THE career of Steven James Stuart Anderson has been chronicled in the smaller print, the kind reserved for comments about resolute defending and doughty performances.

The 28-year-old will awake this morning, presumably bleary-eyed, to find his header for St Johnstone in the William Hill Scottish Cup final at Celtic Park has been celebrated in the kind of head lines reserved for Moon landings. This is only reasonable. After all, until yesterday more men had walked on the Moon, than had lifted the trophy for the Perth club.

It was Anderson who gave the nod to the breaking of 130 years of history. St Johnstone, finally and gloriously, have won the Scottish Cup. His routine header at the back post just before half-time against Dundee United, helped in no small way by the wanderings of Tannadice goalkeeper Radoslaw Cierzniak, broke the curse, ended the hurt, sparked the celebrations.
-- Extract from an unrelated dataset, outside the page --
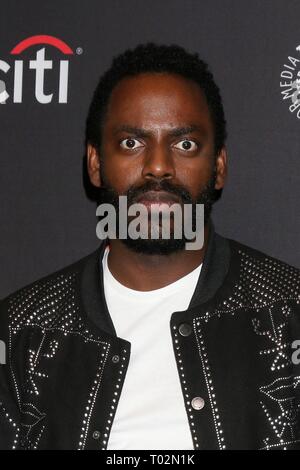 Los Angeles, CA, USA. 16 Mär, 2019. Baron Vaughn in der Ankunftshalle für PaleyFest LA 2019 Netflix GNADE UND FRANKIE, die Dolby Theater in Hollywood und Highland Center, Los Angeles, CA, 16. März, 2019. Credit: Priscilla Grant/Everett Collection/Alamy leben Nachrichten Stockfoto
Steven MacLean's scrambled second goal in the second half eased the nerves of the St Johnstone support but Anderson's was always going to be enough. There were three truths about yesterday's final: St Johnstone have the upper hand over United; Jackie McNamara's side find it difficult to score against the McDiarmid Park club; and United are fallible at set-pieces. These slivers of fact slipped together to form a splendid mosaic for the Perth side.

Anderson, the central character in this historic drama, was, of course, a Dundee United player before embarking on a decade of service for St Johnstone. He has played 234 times for the Saints, scoring seven goals.

His connection with a David Wotherspoon corner was a special eighth and helped earn him the man of the match award. The roars that greeted his goal were loud and long and his post-match celebrations were backed by a soundtrack of glee from the host of St Johnstone fans in the Jock Stein end.

These uproars almost - but not quite - silenced the whisper suggesting persuasively that this was a cup final for the journeyman, for the player who has toiled with effort and dignity through an extended career without detailing their agent to deny a report linking them with Manchester United.

The United team was sprinkled with promise and talent but it did not shine on a dull Saturday. Nadir Ciftci was strong and occasionally dangerous and smacked the bar with a fine free-kick. Andrew Robertson was buccaneering, with Ryan Dow smacking the post after the full-back's best intervention. But Stuart Armstrong, Gary Mackay-Steven and Ryan Gauld, on as a substitute, were unremarkable.

In contrast, Wotherspoon, once of Hibernian, Dave Mackay, for the whom the title "veteran defender" is an option if he considers changing his name by deed poll, and Frazer Wright, another of Scottish football's well-kent faces, all supplied St Johnstone with a spine that forced them to walk straight and true towards a cup presentation.

They did not even need Stevie May to score, though the 21-year-old placed the ball in the net with his mitt in the second half.

The young striker was overshadowed on the day by the contributions of his team-mates, though it must be said that whatever May lacked in threat he made up with in sheer hard work. He played through the centre before lining up on the left wing and performing occasionally as an auxiliary full-back.

The victory, then, was a triumph of will and effort. But the organisation cannot be forgotten. United did not perform as a cohesive, fluid unit.

Much of this can be laid at the feet of such as Anderson, Wright and others in defence as well as the industrious Chris Millar in midfield.

Manager Tommy Wright assembled a corps that fought bravely and well. There was sweat in the St Johnstone performance but there was a strategy too.

United were regularly denied by St Johnstone closing down space but there were also the moments when a body in a blue shirt hurled itself to block an increasingly desperate effort. The narrative of history was to be broken and now rewritten with the tales of derring-do on an extraordinary day for the Perth side.

United were condemned to be the victims but they never stopped trying, never stopped forcing themselves on the St Johnstone goal. They were denied by a mix of high competence, woodwork and, perhaps, even fate.

The names of Anderson and his team-mates will now be marked in the minds of St Johnstone supporters as the club's name is finally etched on the old trophy. After 130 years, this was St Johnstone's day.